While some provinces, such as B.C. and Quebec, were quick to allow the bikes on the roads, others have been slower to follow suit.
One of the laggers is Ontario, where e-bikes are currently legal for use -- provided they meet a set of standards -- during a pilot project ending in the fall of 2009.
A Toronto-based entrepreneur complained Friday that government rules are thwarting widespread use of e-bikes, and consequently, cutting into sales as well as people's options to use cleaner, more environmentally friendly forms of travel.
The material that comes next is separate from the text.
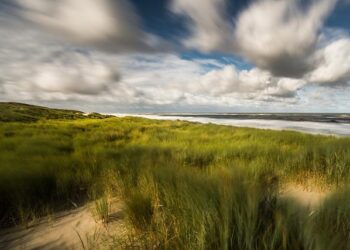 Hurricane Beryl: Deadly storm moves towards Jamaica – BBC.com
Larry Dawidowitz said people are wary of purchasing the bikes he has for sale, which range in cost from about $1,500 to $2,200, because they're worried the provincial government could ban the use of them after the pilot project expires.
He said further problems have arisen because while riders don't need insurance or licence plates, the bikes have confused police who mistake them for scooters, which are considered motorized vehicles.
Every time an e-bike rider has been charged for failing to have insurance or licence plates, the charges have been thrown out, he said.
"The ministry really has to realize that the scooter style is working, the open frame is not," Dawidowitz said.
He was joined at the Ontario legislature Friday by NDP consumer critic Andrea Horwath, who called on the government to allow electric cars and bikes on roads -- except highways -- immediately.
She said the pilot program should immediately be made a permanent commitment to give retailers and consumers certainty.
"What's preventing these from proliferating ... is that the marketing is hesitant because at the end of the day, who knows how the pilot project will end up?" Horwath said.
Brian Hazard, a retailer in Comox, B.C., said there were problems with police mistaking the e-bikes for motorized vehicles when they were first introduced.
But he said police eventually caught on, and he now hears few complaints from riders, who have been helped by manufacturers putting on plates identifying the vehicles as a power-assisted bicycle.
Juergen Weichert, president of the Electric Vehicle Association of Ottawa, said he supports the pilot program in Ontario and is confident it will progress to full approval for the bicycles.
The problem, said Weichert, lies in communication. Neither police nor the public have been properly informed about the bikes and don't always recognize them, he said.
"These are police who at 300 paces can tell the difference between a Camaro and a Mustang," Weichert said. "Why can't they tell the difference between a scooter and an electric bike? It's just one of interest and communication.
"That is why you've got people getting tickets."
Under Transport Canada's regulations, e-bikes must not go faster than 32 kilometres per hour or have a motor that exceeds a total output of 500 watts, and must be equipped with handlebars and pedals. They are legal in eight Canadian provinces.